Con quien habla desde su propio nicho, aunque esté lejano, te une la fe común en que la verdad existe y merece sostenerse. Ese es el puente verdadero: el que se puede cruzar. El diálogo es algo que surge, como su propio nombre indica, entre dos
Una paradoja tendría que hacer saltar las alarmas. Lo enconado del debate público (censuras, cancelaciones, improperios, boicots) en este tiempo de tolerancia unánime, de fortaleza del pensamiento débil y de reverencia al relativismo. ¿Cómo es posible?
Quizá porque la verdad, si la echas por la puerta, se cuela por la ventana; y un tanto soliviantada. No conozco a ningún cínico al que le haga gracia que le engañen; pero, si expulsamos a la verdad de cada cual, todos andamos con la mosca detrás de la oreja. No terminamos de saber si nuestro interlocutor está diciendo algo porque lo piensa o porque piensa que lo pensamos.
El relativismo, por su implosión, produce sordera. Si todas las opiniones valen lo mismo, ya me quedo yo con la mía, que vale tanto como la que más, y me pilla más cerca. Tras ese indiferentismo, momentáneamente pacífico, el segundo momento es peor. Acaba generando violencia; y eso explica la paradoja inicial. En la vida hacen falta cierta sistematización y algún acuerdo, pero, si las opiniones no se ordenan por un criterio de verdad o de belleza, termina imponiéndose la opinión más impositiva. Ya se imponga por el número, por el prestigio o por el relato. La censura, entonces, deviene esencial, para que no proliferen opiniones contrarias que socaven la unanimidad, que es el sueño del relativista.
Alguien tan poco sospechoso de dogmatismo ni conservador ni religioso como Ramón Andrés (Pamplona, 1950) lo advierte desde Caminos de intemperie, su último libro: «Las dictaduras del futuro consistirán en darnos la razón en todo. Viviremos atrapados, todavía más, en la convicción personal, en nuestra visión única, contentos en la jaula de la opinión propia. Antes de la llegada de este régimen, las democracias ya habrán supuesto un primer paso».
Contra esa dinámica, no hay mejor solución que la estática: una defensa clásica de las opiniones propias. O sea, una segunda paradoja. Para tender puentes, afianzarte en tu margen. Sin ahondar sus cimientos y sus zapatas en las opuestas orillas rocosas, el puente en el aire se hundirá con estrépito.

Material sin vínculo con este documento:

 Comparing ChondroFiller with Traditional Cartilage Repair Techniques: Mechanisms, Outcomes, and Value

Con quien habla desde su propio nicho, aunque esté lejano, te une la fe común en que la verdad existe y merece sostenerse. Ese es el puente verdadero: el que se puede cruzar. Lo explica bien José María Torralba: para la verdad, mucho peor que el error es la indiferencia. Frente al bienintencionado poema de Antonio Machado: «¿Tu verdad? No. La verdad / y ven conmigo a buscarla./ La tuya, guárdatela», esta versión más realista: «¿Tu verdad? Sí. Y mi verdad…/ Que si se la busca en serio/ la de nadie está de más». Hay un subproducto o sobreproducto de esta actitud. El respeto al interlocutor. Las personas agradecen la honestidad del que piensa diferente y no les intenta escamotear su creencia. Siempre que no se crezca y se ponga a llevar la contraria por coquetería: la razón también se pierde cuando no se le da a quien la tiene.
La defensa del nicho particular tendrá un coste, sí, pero menor. No vayamos ahora a mentir, para adornarnos de mártires, tras tantos párrafos postulando la defensa de la verdad. Puede que pierdas una invitación a un foro o un premio institucional. Vale. También ganarás otras invitaciones y hasta quizá otros premios por eso mismo; y lo sabes.

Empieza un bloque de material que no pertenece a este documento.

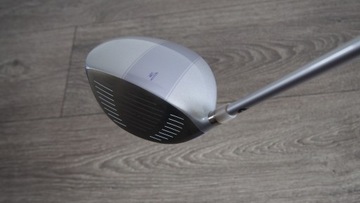 COBRA BAFFLER XL ВОДИТЕЛЬ ЖЕНСКИЙ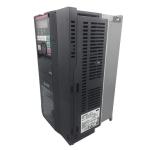 FR-F840-00052-2-60 Mitsubishi Frequency Inverter FR-F800 Series 3Phase In 2.2 kW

Y sabes, sobre todo, que hay algo superior a los premios que no perderás: a ti mismo. Si alguien te exige que mientas o que calles, te está anulando. Por respeto a él —que lo hará sin plena conciencia—, no hay que permitírselo. Más tarde te agradecerá mucho que no le hayas dejado perpetrar ese involuntario abuso.
Te atenderán los que piensan como tú, incluyendo a los que no lo decían o incluso no lo sabían hasta oírte. E incluyendo todavía a más: a esos otros que, sin pensar como tú, exigen la verdad por delante y las cartas sobre la mesa. La tolerancia es una cosa muy seria que se construye entre todos y necesita la firmeza y la confianza de cada uno en lo suyo. El diálogo es algo que surge, como su propio nombre indica, entre dos. El legítimo pluralismo exige una lógica pluralidad.